The second lawsuit, a 45-page complaint, which alleges slander and defamation, discrimination, retaliation under the Massachusetts “whistle-blower” law, wrongful discharge, denial of due process, civil rights violations, and civil conspiracy, was also allowed by Judge Chin, but not without comment.
“It does not contain averments that are ‘simple, concise and direct,’” Judge Chin wrote in his order. “It is verbose and confusing and is subject to dismissal.”
Judge Chin ordered Mr. Saulnier to file an amended complaint or see it dismissed. To file the amended complaint, Ms. Tessmer must withdraw her sexual harassment and discrimination complaint, currently before the MCAD.
Mr. Saulnier said he is entitled to withdraw the complaint before the MCAD, because that administrative agency has not issued any ruling within 90 days from the time the complaint was filed.
“Before you can sue in Superior Court for a discrimination case, you have to take it to the administrative agency and exhaust administrative remedies,” Mr. Saulnier said in a phone interview Wednesday. “He has ruled I have exhausted my administrative remedies. It’s going to be withdrawn, but I’m going to consolidate it into the Superior Court complaint. It’s a move from one place to another.”
Ms. Whalen said her motions to dismiss are the first step in a long legal process. She was encouraged by the court’s orders.

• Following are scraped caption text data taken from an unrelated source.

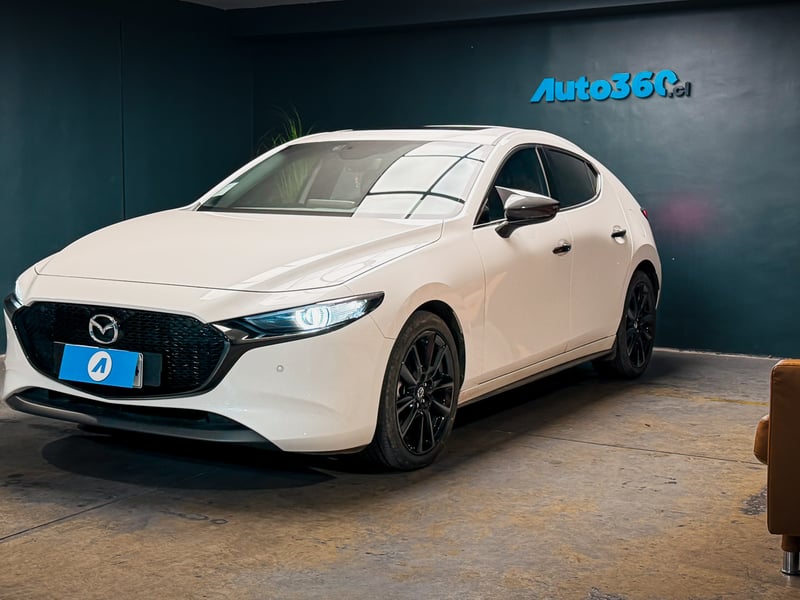 Mazda 3 Sport High 2.5 2026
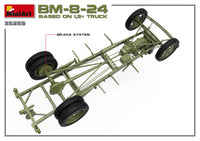 MiniArt BM-8-24 Based on 1,5t Truck (Special Order)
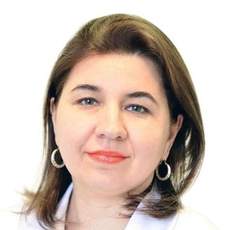 Николайчук (Андрюшкова) Ирина Андреевна, ЛОР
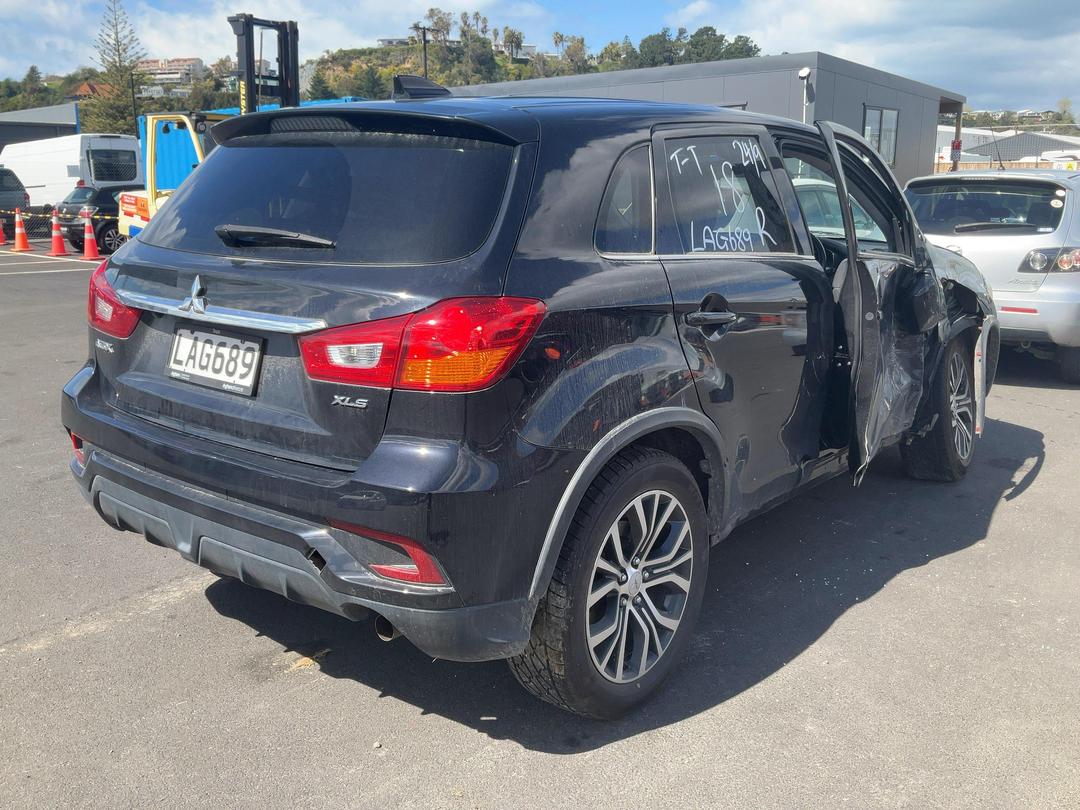 Photo '8' of Mitsubishi ASX XLS Photo '8' of Mitsubishi ASX XLS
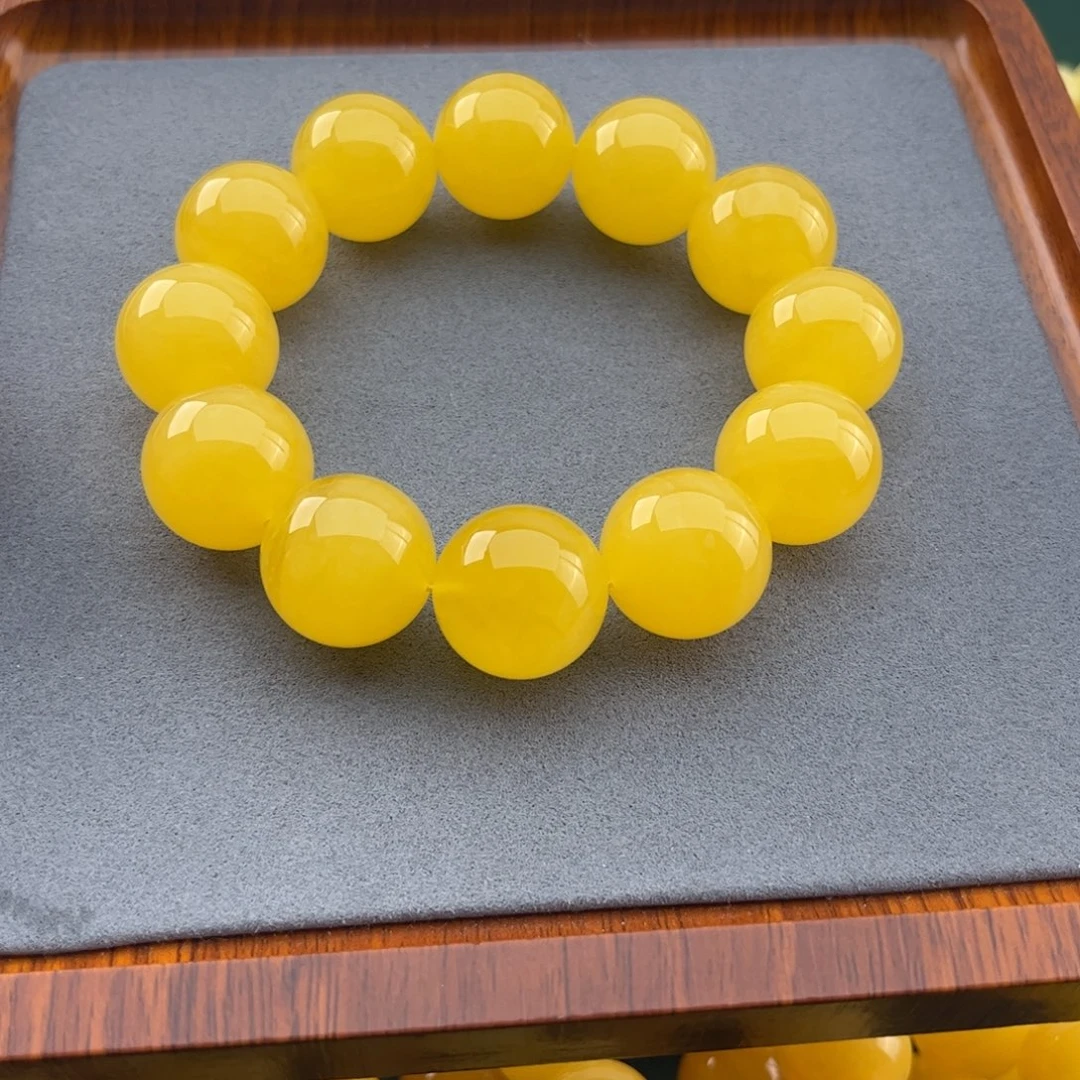 琥珀未镶嵌裸石琥珀蜜蜡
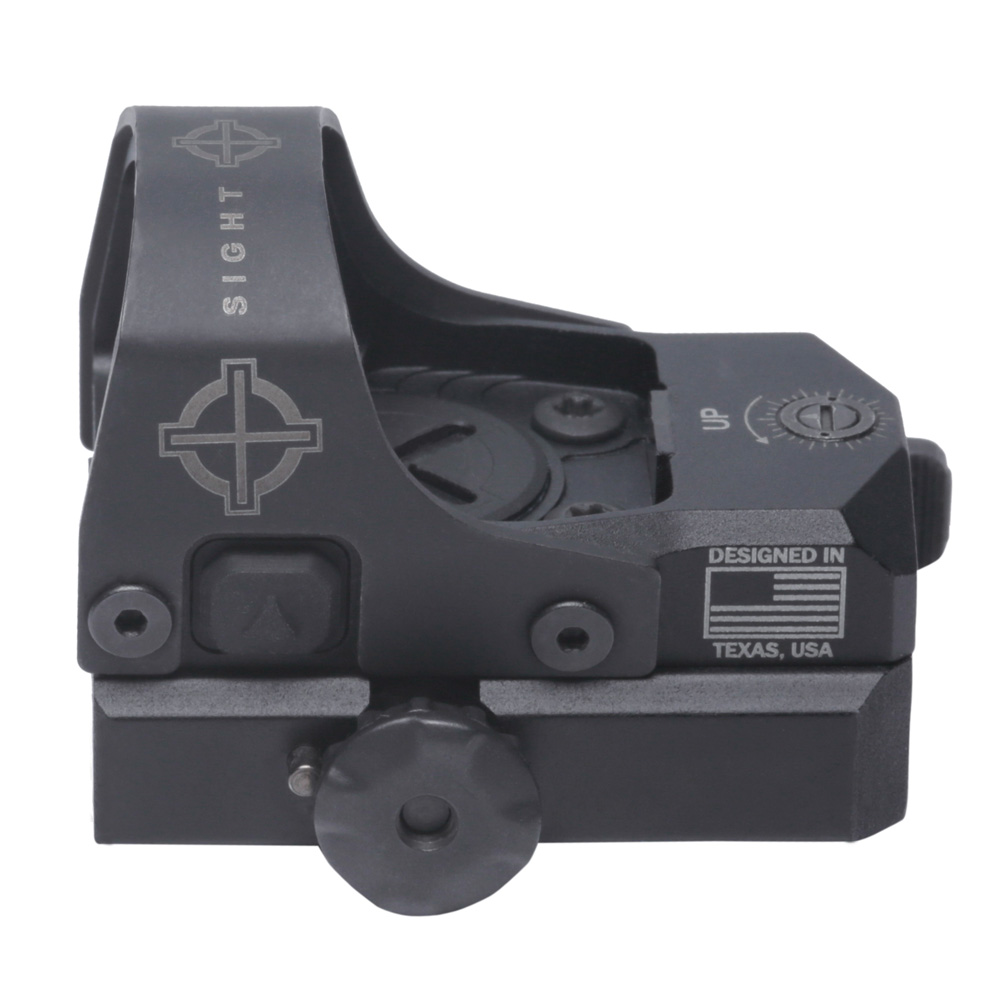 Sightmark Mini Shot M-Spec LQD refleksni ciljnik reflex sight crvena točka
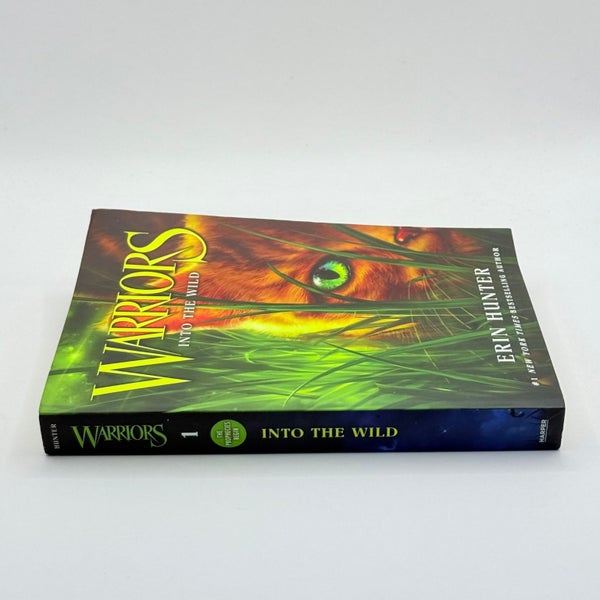 Warriors Into the Wild (Book 1) by Erin Hunter64478449767554112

“We are pleased that the court has addressed our concerns with the conduct of the litigation being in two forums and has ordered the MCAD proceedings to be terminated so that the matter now will be addressed only in one forum,” Ms. Whalen said in a phone interview Wednesday. “We are also pleased that the court has ordered the plaintiff to file an amended complaint that comports to the rules of civil procedure. We look forward to litigating these matters and addressing the substantive issues in court.”
Lawyer vs. lawyer
In court last Wednesday, Ms. Whalen argued that the entire matter should be dismissed. She used sharp terms to describe Mr. Saulnier’s complaint, which includes 113 allegations of fact, and 180 separate charges of illegal actions against 11 separate defendants. At various times during the proceeding she described it as an “incoherent rant,” “flawed and unsupported,” and “wishful thinking.”
“It presents an incoherent litany of allegations without presenting a shred of evidence,” Ms. Whalen told the court. “It’s anything but a well-pleaded complaint.”
In court, Judge Chin questioned Mr. Saulnier about whether the complaint complied with court rules, and whether it needed to be refiled in a shorter form.
Mr. Saulnier defended his complaint. “It’s about as short a complaint as possible given the complexity of the case,” he said. “It’s voluminous because there is more to this than meets the eye. There is something going on at the airport which no one seems to be able to control. That’s why it’s so voluminous.”